Anche in presenza di eventuale autorizzazione all’approvazione del bilancio di previsione oltre il termine previsto dalla legge, con atto avente, con ogni evidenza, natura eccezionale in quanto finalizzato ad evitare le gravi conseguenze che conseguono alla mancata approvazione del bilancio da parte dell’Ente Locale, i Giudici evidenziano che, in assenza di una specifica ulteriore disposizione di legge, siffatta autorizzazione non si estende al (e non ricomprenda, di conseguenza, il) termine per l’approvazione delle aliquote e delle tariffe, che trovano compiuta ed autonoma disciplina nel citato art. 1, comma 169, della Legge n. 296/06. Il quale contiene peraltro previsioni sanzionatorie, come l’inapplicabilità delle nuove tariffe e aliquote, ove approvate dopo il termine del 30 novembre.

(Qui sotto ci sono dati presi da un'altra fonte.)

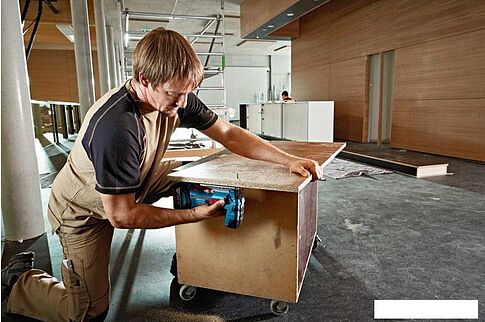 Электролобзик Bosch GST 18 V-LI S Professional 06015A5100 (без АКБ)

Né la previsione dell’art. 193, comma 3, del Tuel – per cui, “per il ripristino degli equilibri di bilancio e in deroga all’art. 1, comma 169, della Legge n. 296/06, l’Ente può modificare le tariffe e le aliquote relative ai Tributi di propria competenza entro la data di cui al comma 2” – può in alcun modo avvalorare la tesi della derogabilità del termine in questione, atteso che la disposizione da ultimo illustrata si limita a consentire la modifica delle aliquote, ampliando il termine per deliberare, senza peraltro incidere sulla natura perentoria del termine. In conclusione, è illegittima la Delibera Tari del Consiglio comunale adottata oltre il termine di approvazione del bilancio di previsione.